Keine
Verabredungen mehr mit Trudy
Es ist einer dieser Samstagabende, die
ich hassen müsste, weil ich alle Samstagabende hasse, seitdem sie
weg ist. Irgendwann hatte ich bemerkt, dass mir die Abendessen mit
den Mini-Bonbels („Nur für dich, weil du sie so liebst!“), fehlten
und das Backgammon spielen.
Sobald mir das bewußt war, wurden diese Abende unerträglich und
ich fand zahlreiche Ablenkungen: Parties, Wein und Frauen. Einzeln
oder als abend- und nachtfüllende Cocktails. Eine zeitlang war das
recht vergnüglich, denn vor allem das Auspacken von Frauen war
genauso einfach wie das Herausschälen der kleinen Käselaibe aus
der roten Wachshülle. Je größer und quälender sich die Lücke
zeigte, die der kleine Käse hinterlassen hatte, desto mehr
mitfühlende Seelen fanden mich, die scharf darauf waren, diese
Lücke zu schließen. Schnell wurde ich dieser Ablenkungen
überdrüssig, weil sie mich hungrig und suchend zurückließen. Sie
konnten mit dem kleinen Käse nicht mithalten und seitdem hasste
ich Samstagabende.
An einem dieser Samstagabende, lernte ich Trudy kennen, in einer
Bar. Sie ist keine Frau, die mir aufgefallen wäre, aber Charly,
der Barkeeper, hatte sie mir vorgestellt. Schon nach kurzer Zeit
war ich von ihrer kühlen, zurückhaltenden Art angetan. Wir
unterhielten uns eine Weile, und ich spürte, dass sich dahinter
eine tiefgehende Wärme entwickelte, die sie mir nicht vorenthielt.
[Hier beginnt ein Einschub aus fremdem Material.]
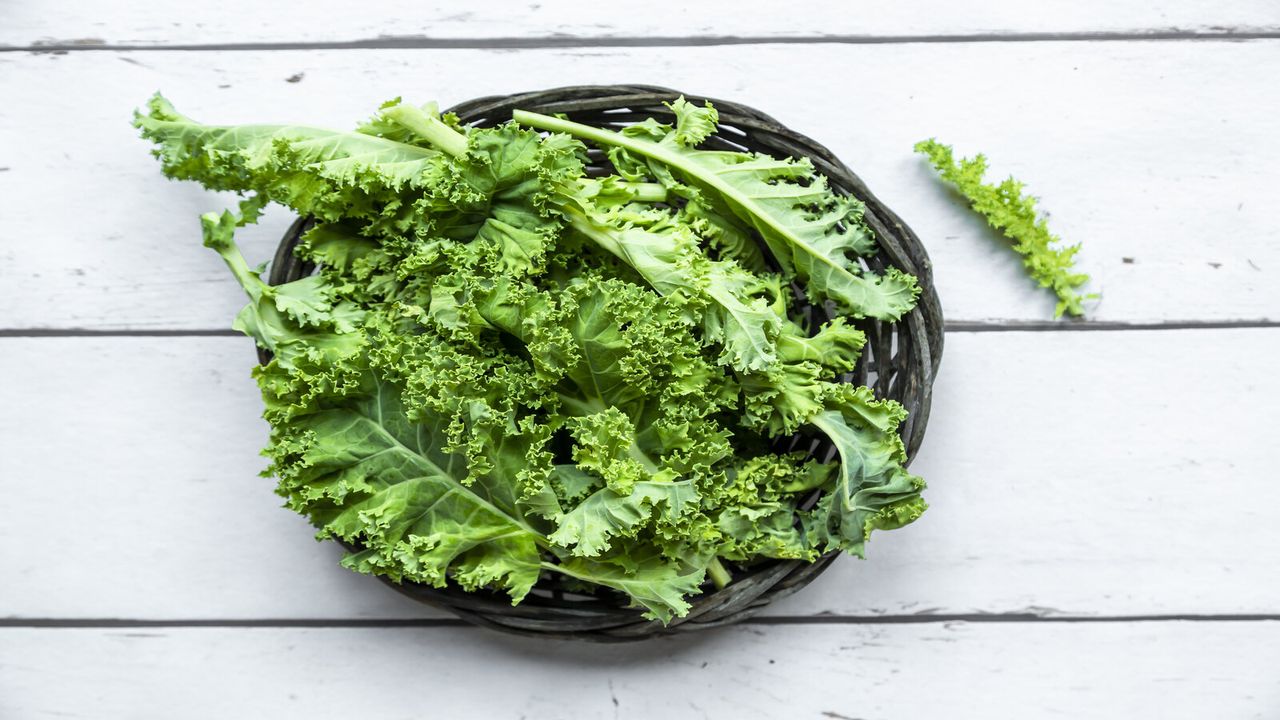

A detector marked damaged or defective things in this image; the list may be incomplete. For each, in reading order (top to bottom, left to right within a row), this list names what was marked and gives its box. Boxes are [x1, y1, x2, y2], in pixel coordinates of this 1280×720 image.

chipped white paint [2, 0, 1280, 46]
chipped white paint [0, 42, 1274, 327]
chipped white paint [5, 330, 1274, 617]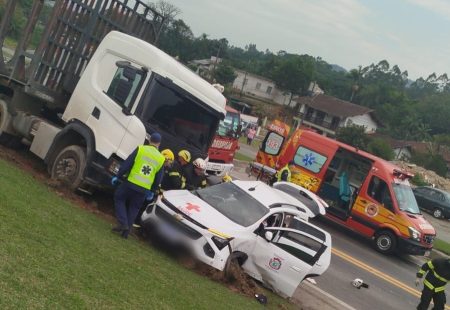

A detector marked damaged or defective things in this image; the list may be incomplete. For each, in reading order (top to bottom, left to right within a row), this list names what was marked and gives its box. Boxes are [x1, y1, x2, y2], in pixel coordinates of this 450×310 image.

shattered car windshield [196, 183, 268, 226]
damaged white car [141, 180, 330, 296]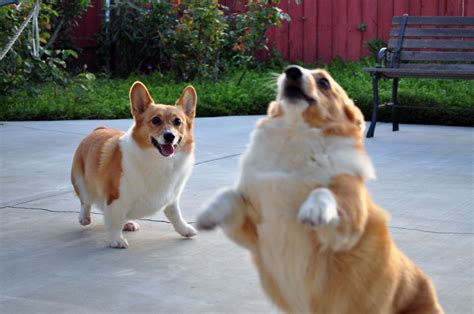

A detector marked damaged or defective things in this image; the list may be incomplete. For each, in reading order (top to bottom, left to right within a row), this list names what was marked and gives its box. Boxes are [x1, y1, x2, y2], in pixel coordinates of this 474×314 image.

crack in concrete [5, 205, 472, 234]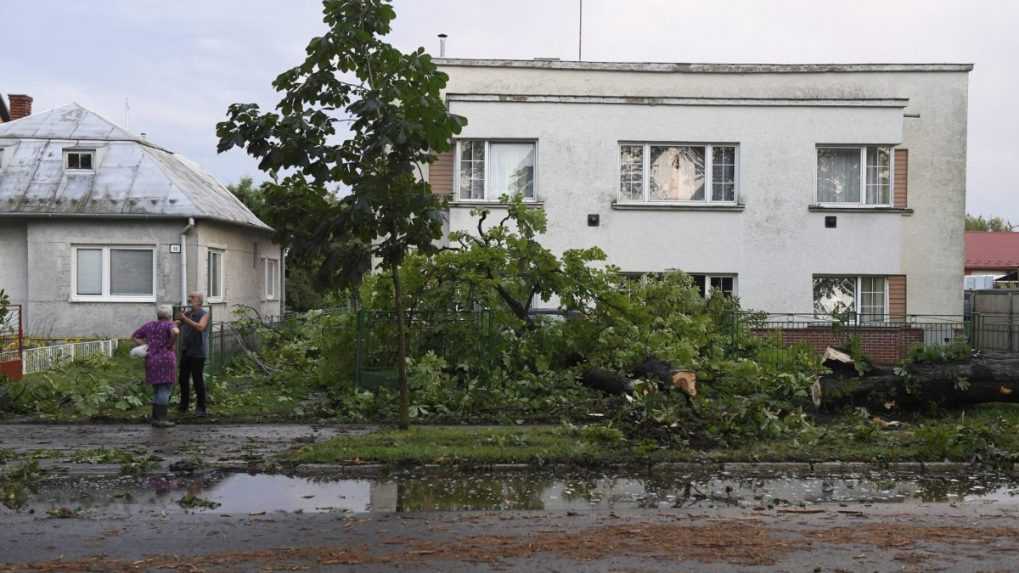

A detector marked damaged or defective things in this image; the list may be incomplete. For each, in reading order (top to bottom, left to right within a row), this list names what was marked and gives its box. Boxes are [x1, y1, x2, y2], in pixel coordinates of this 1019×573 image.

damaged roof [0, 103, 270, 230]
Ich schenkte ihr ein aufrichtiges Lächeln und wir verbrachten die
Nacht zusammen.
Sie führte und bereitwillig ließ ich mich von ihrer verwirrenden
Mischung aus unterkühlter Wärme, nachgiebiger Stärke und
bedingungsloser Hingabe auffangen. Am nächsten Morgen, sie war
längst gegangen und nur ihr leeres Glas zeugte von ihrer
Anwesenheit, schrie jede Faser meines Körpers: oh, Trudy!
Wir trafen uns wieder und wieder und von Mal zu Mal wollte ich
mehr von ihr. Ich trank von ihrem heißen Atem, lehnte mich an ihre
Stärke, löste mich in ihrem weichen Körper auf, doch sie zeigte
mir immer häufiger auch eine kühle, abweisende und zerstörerische
Seite. Ich war ihr verfallen und ich rebellierte dagegen.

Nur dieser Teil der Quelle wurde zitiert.